→ What to do
Keep the pictures out of the copy and repeat the records exactly.

Items from a dataset
──────────
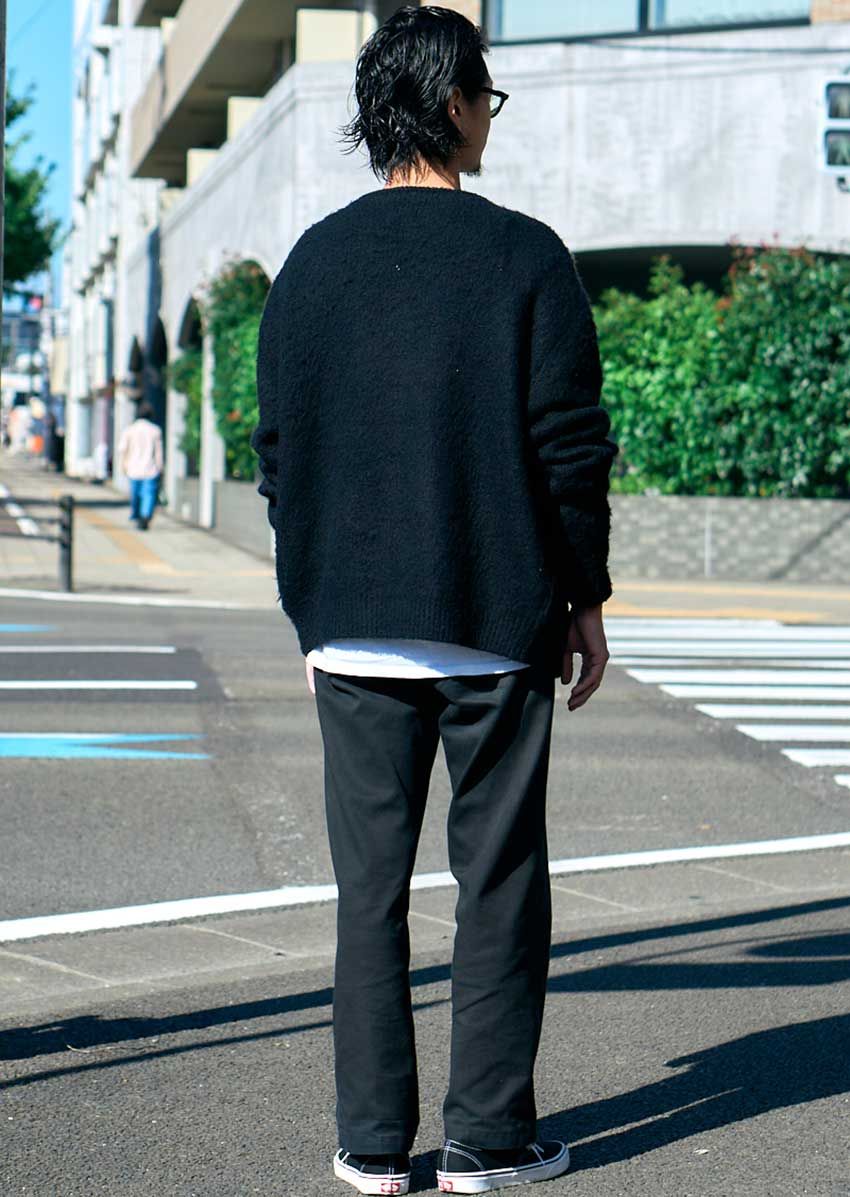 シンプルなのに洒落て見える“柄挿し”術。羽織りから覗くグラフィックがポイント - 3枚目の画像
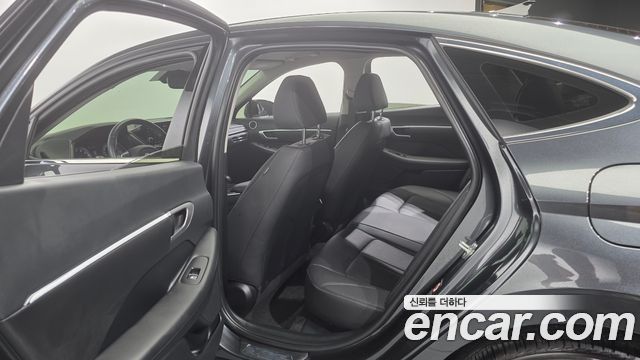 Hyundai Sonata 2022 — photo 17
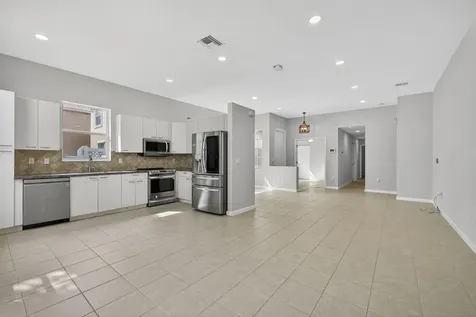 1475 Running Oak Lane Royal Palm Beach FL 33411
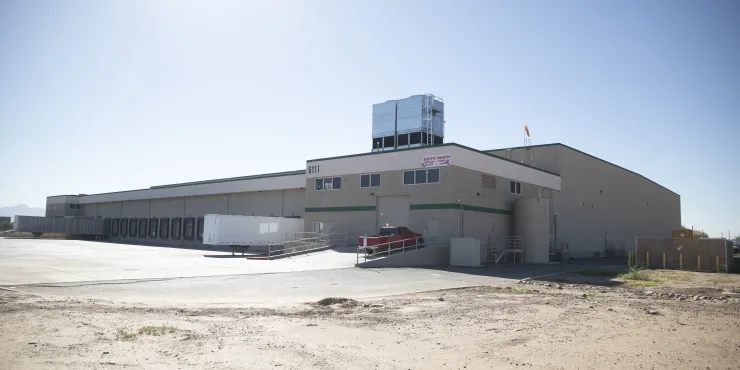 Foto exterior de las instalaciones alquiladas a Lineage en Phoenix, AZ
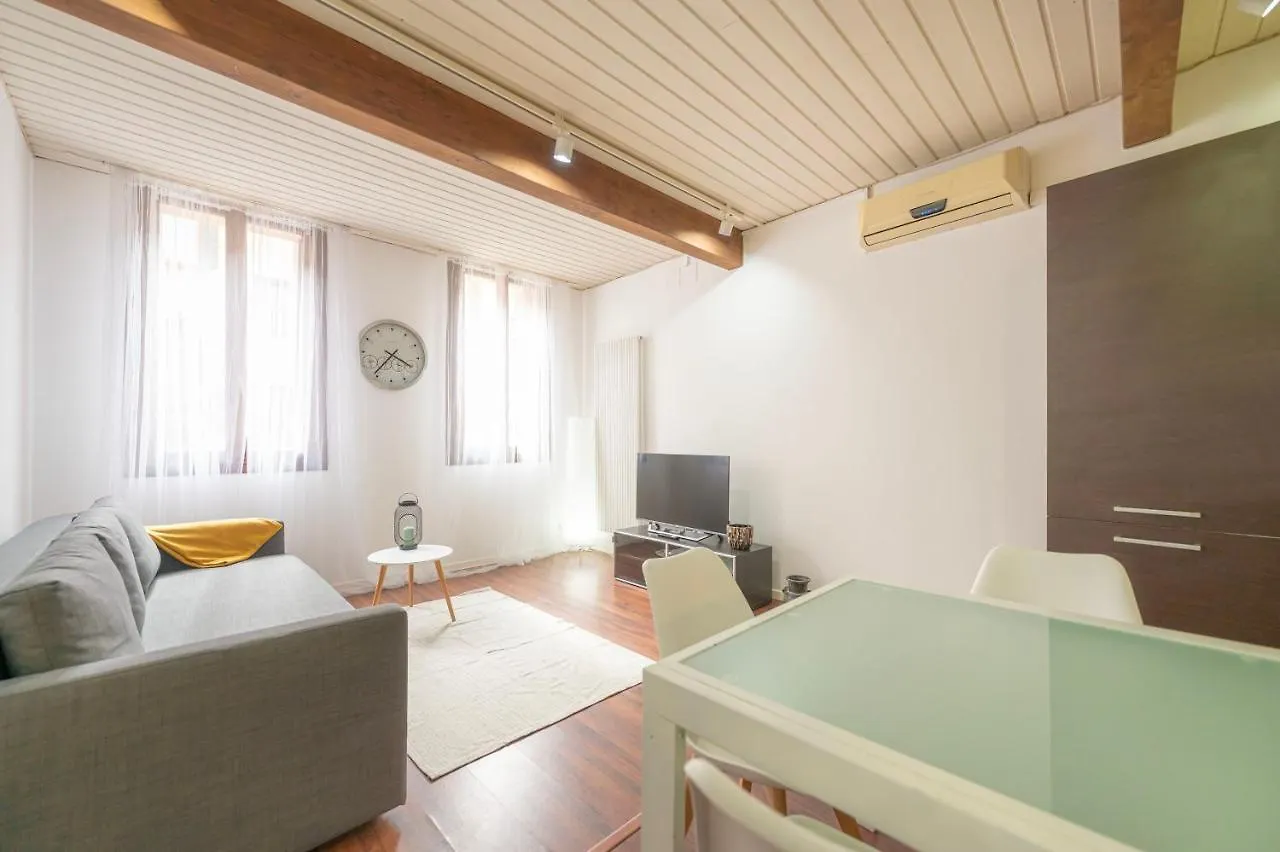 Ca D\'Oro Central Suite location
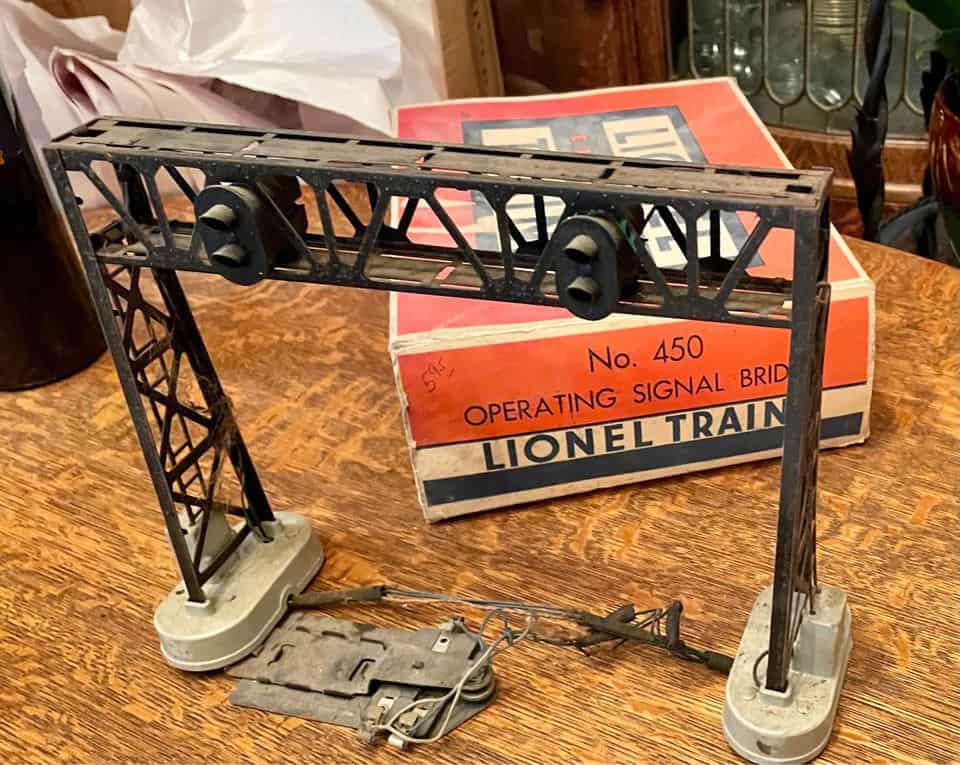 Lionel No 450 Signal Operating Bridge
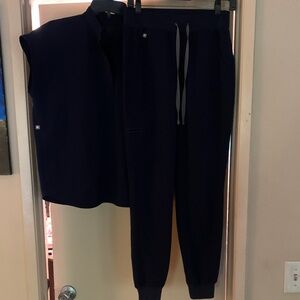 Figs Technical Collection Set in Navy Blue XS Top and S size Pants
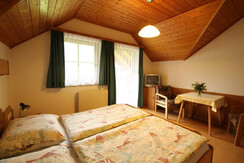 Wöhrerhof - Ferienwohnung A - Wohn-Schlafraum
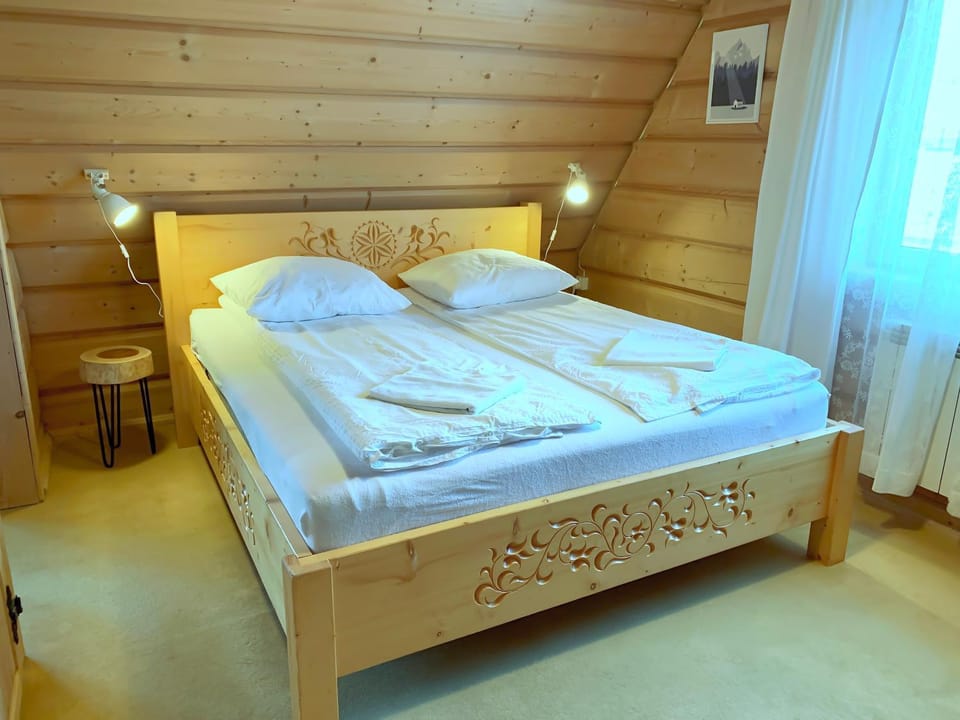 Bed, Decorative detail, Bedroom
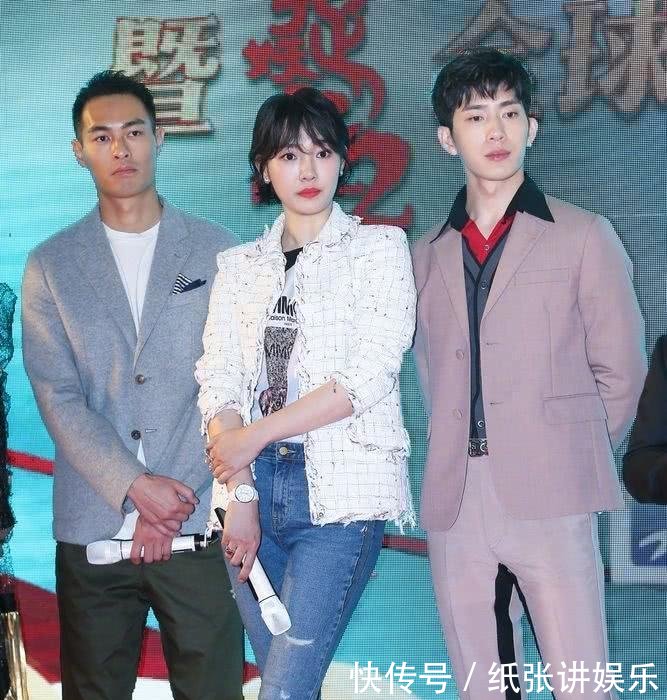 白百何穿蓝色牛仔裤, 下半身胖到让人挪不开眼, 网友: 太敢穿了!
──────────
→ Reply to the task
 シンプルなのに洒落て見える“柄挿し”術。羽織りから覗くグラフィックがポイント - 3枚目の画像
 Hyundai Sonata 2022 — photo 17
 1475 Running Oak Lane Royal Palm Beach FL 33411
 Foto exterior de las instalaciones alquiladas a Lineage en Phoenix, AZ
 Ca D\'Oro Central Suite location
 Lionel No 450 Signal Operating Bridge
 Figs Technical Collection Set in Navy Blue XS Top and S size Pants
 Wöhrerhof - Ferienwohnung A - Wohn-Schlafraum
 Bed, Decorative detail, Bedroom
 白百何穿蓝色牛仔裤, 下半身胖到让人挪不开眼, 网友: 太敢穿了!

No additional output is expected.